__The problem__: What is the number of lines in the data that hold the string "Funny"? Reply with that number only.

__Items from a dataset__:
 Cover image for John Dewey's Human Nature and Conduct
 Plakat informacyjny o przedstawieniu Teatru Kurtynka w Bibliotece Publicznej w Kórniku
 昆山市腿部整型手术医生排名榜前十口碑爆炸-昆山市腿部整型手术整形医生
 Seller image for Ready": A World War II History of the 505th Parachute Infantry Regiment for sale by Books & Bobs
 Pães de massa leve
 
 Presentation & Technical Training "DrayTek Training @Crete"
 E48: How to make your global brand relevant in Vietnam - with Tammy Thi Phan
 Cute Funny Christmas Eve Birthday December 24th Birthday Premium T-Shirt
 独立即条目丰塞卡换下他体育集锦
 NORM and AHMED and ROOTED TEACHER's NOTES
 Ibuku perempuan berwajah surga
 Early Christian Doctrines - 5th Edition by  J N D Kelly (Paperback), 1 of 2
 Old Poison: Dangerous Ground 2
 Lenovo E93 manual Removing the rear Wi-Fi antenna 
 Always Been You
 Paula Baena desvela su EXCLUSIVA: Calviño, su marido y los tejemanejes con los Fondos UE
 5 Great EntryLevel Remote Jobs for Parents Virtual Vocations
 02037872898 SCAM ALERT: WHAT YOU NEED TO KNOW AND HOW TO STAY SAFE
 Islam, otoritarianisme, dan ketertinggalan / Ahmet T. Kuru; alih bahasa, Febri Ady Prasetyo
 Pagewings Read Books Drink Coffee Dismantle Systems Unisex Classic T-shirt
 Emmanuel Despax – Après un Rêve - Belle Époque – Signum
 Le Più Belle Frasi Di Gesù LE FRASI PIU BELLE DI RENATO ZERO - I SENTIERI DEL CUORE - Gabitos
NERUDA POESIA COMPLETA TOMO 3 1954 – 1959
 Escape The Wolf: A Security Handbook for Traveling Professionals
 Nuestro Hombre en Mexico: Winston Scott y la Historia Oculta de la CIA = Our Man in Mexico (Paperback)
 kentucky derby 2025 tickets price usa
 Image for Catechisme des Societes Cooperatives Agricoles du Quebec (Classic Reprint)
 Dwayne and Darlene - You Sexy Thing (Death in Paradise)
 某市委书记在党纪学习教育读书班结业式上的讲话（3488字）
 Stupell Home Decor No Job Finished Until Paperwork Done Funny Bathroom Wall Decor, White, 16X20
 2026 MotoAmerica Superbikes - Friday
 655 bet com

__Exercise answer__: 2